Recorded data:
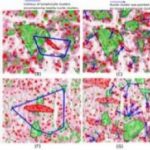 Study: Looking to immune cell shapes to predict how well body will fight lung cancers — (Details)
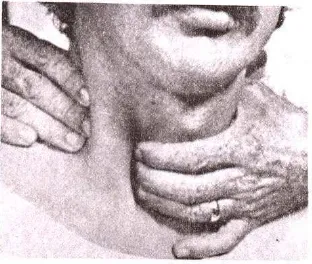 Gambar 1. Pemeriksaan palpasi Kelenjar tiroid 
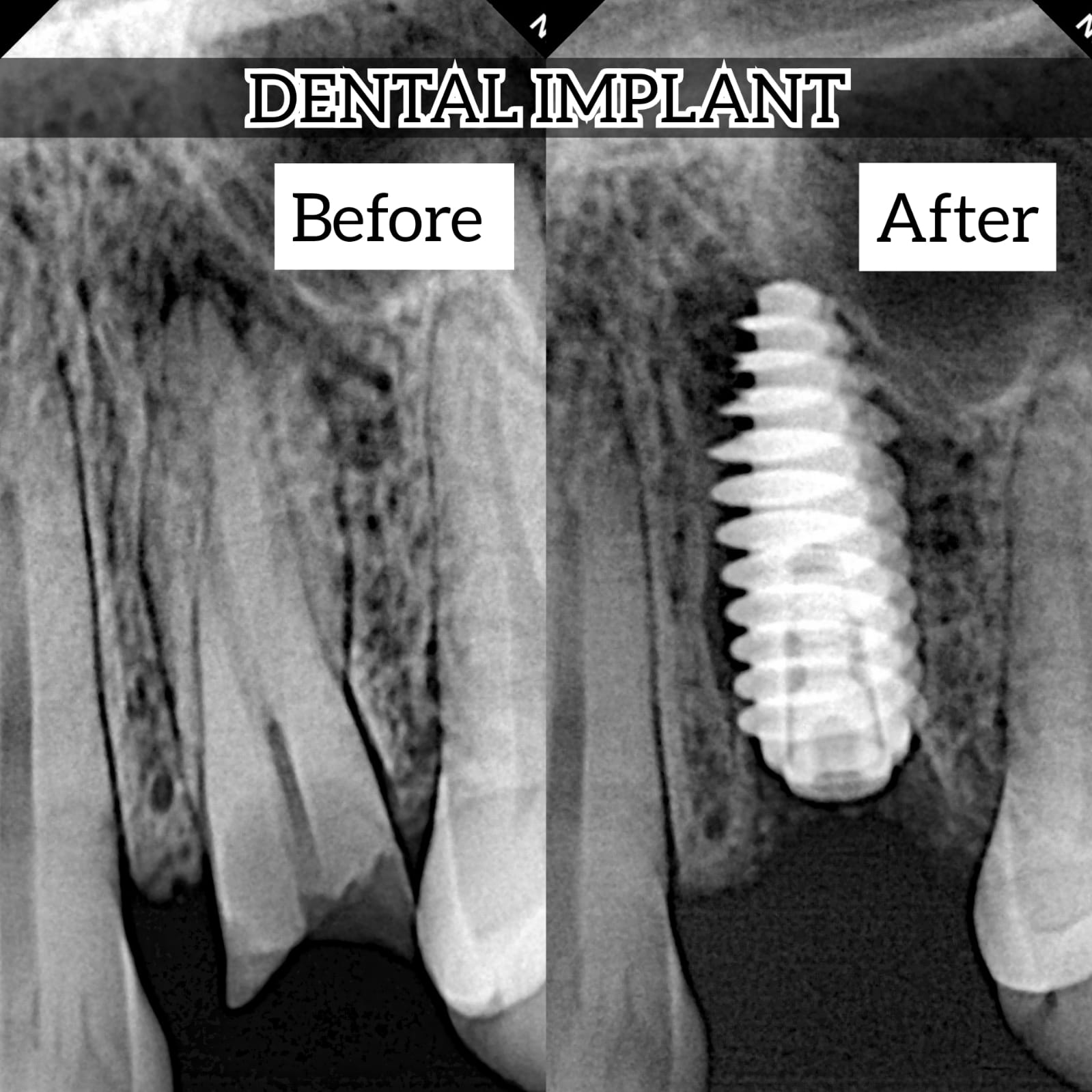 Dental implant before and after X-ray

Task requirements:
Send back the data above verbatim, leaving out its pictures.

Solution to this problem:
 Study: Looking to immune cell shapes to predict how well body will fight lung cancers — (Details)
 Gambar 1. Pemeriksaan palpasi Kelenjar tiroid 
 Dental implant before and after X-ray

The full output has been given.